__Data to examine__:
+++++
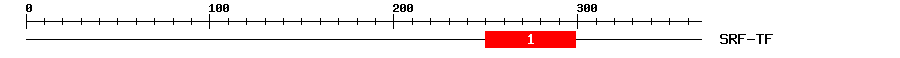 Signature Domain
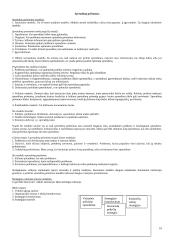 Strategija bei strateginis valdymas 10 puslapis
+++++
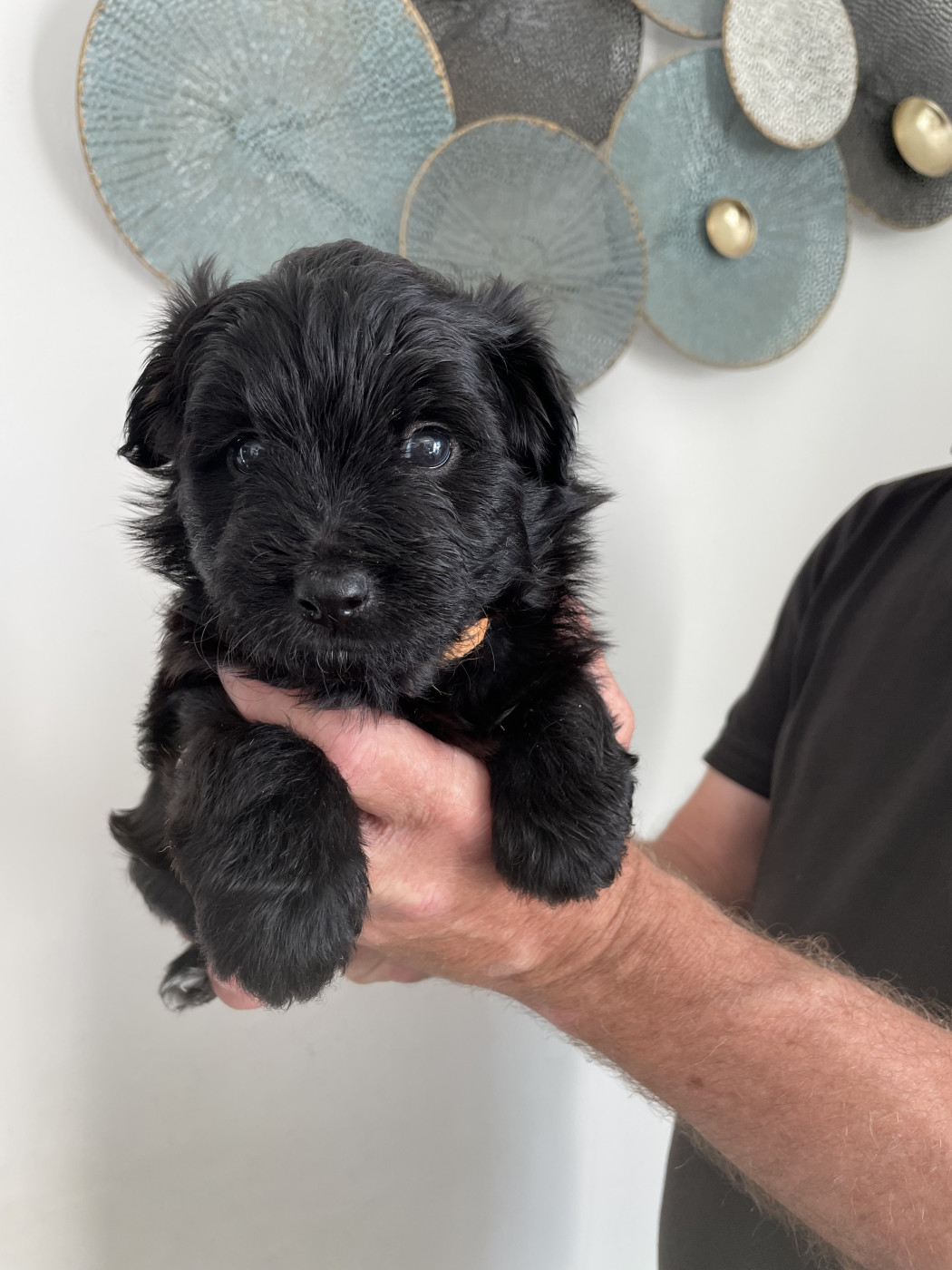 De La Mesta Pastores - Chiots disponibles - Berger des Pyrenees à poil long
+++++
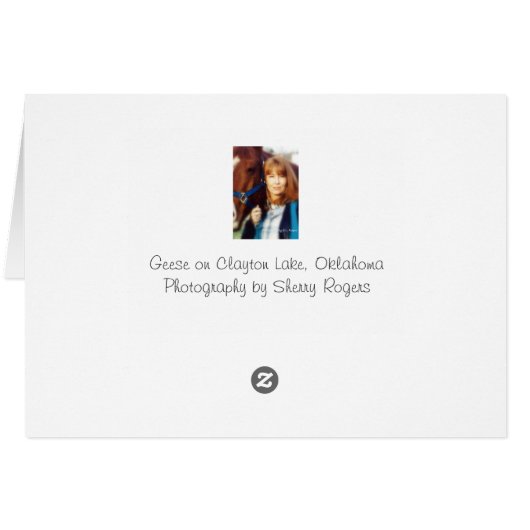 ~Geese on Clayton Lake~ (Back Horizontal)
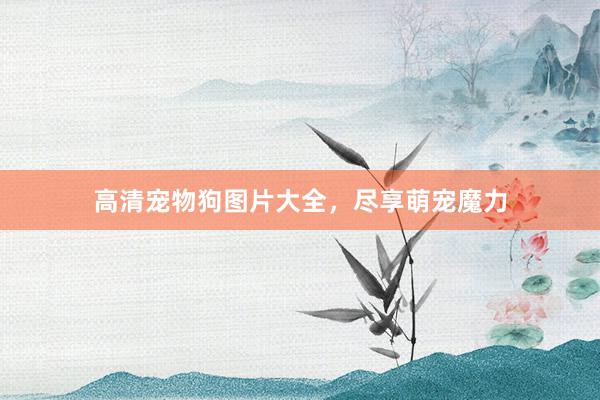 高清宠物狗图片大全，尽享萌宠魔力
+++++
Working from the records above, set down word for word everything from the line containing "Signature Domain" down to the line containing "Strategija bei strateginis", ends included, minus the pictures.

 Signature Domain
 Strategija bei strateginis valdymas 10 puslapis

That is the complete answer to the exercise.